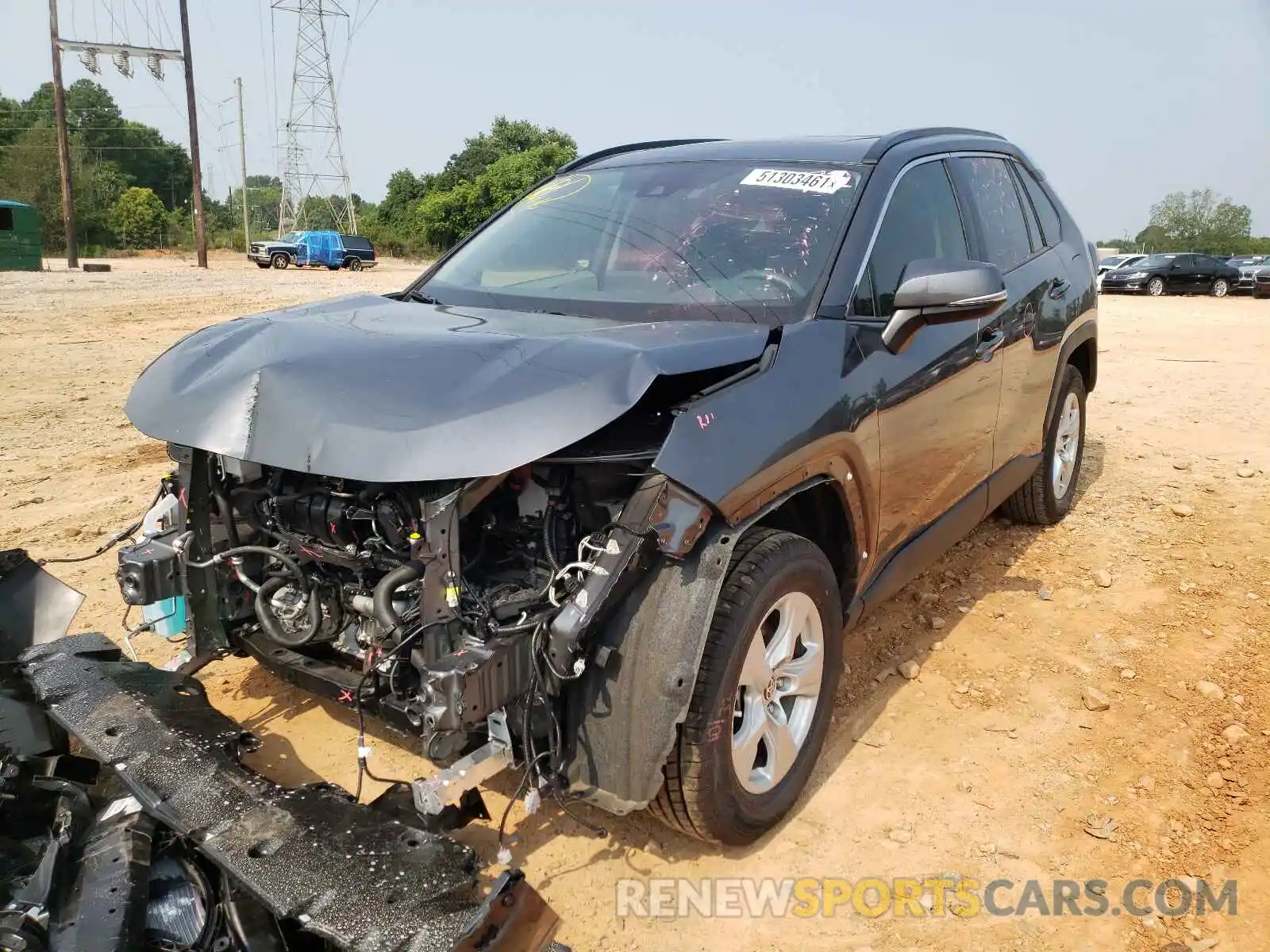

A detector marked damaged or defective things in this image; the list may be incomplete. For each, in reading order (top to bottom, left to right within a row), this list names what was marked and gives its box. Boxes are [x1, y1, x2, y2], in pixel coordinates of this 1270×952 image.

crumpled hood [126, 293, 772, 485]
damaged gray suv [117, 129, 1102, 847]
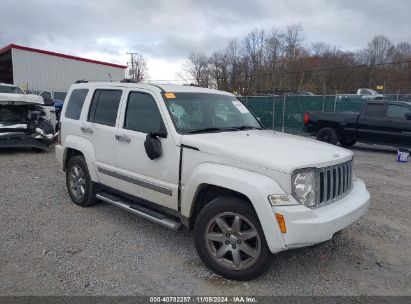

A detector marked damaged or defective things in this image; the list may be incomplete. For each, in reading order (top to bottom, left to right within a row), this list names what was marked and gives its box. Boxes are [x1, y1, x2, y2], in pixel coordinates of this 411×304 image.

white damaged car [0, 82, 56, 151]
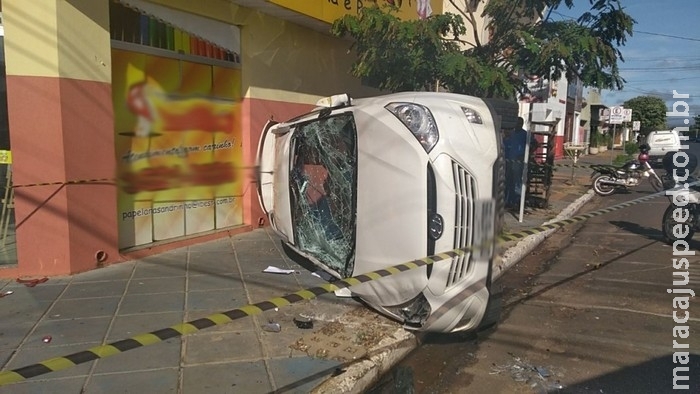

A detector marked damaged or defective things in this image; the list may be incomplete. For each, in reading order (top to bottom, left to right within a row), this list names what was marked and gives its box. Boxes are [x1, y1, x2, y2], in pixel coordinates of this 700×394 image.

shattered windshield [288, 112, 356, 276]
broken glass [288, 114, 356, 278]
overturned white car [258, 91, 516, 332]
##########
Leave every picture out, and transcribe the data above exactly as it reads.

A detector marked damaged or defective things in this image; the list may be incomplete. For each, in reading order (top to bottom, left to right within a row), this list names what was marked and gives its box. Boxes are [x1, y1, x2, y2], in pixel coordinates of this 1270×952 image.

crumpled hood [126, 293, 772, 485]
damaged gray suv [117, 129, 1102, 847]

A detector marked damaged or defective things in this image; the list may be incomplete. For each, in reading order (top to bottom, left to right within a row), this list names what was marked and gives its box. Boxes are [x1, y1, x2, y2], in pixel coordinates of this 411×304 image.

white damaged car [0, 82, 56, 151]

A detector marked damaged or defective things in this image; the list may be incomplete. For each, in reading order (top to bottom, left to right within a row), this list names what was marked and gives its box. Boxes are [x1, y1, x2, y2], in pixel coordinates of this 700×394 image.

shattered windshield [288, 112, 356, 276]
broken glass [288, 114, 356, 278]
overturned white car [258, 91, 516, 332]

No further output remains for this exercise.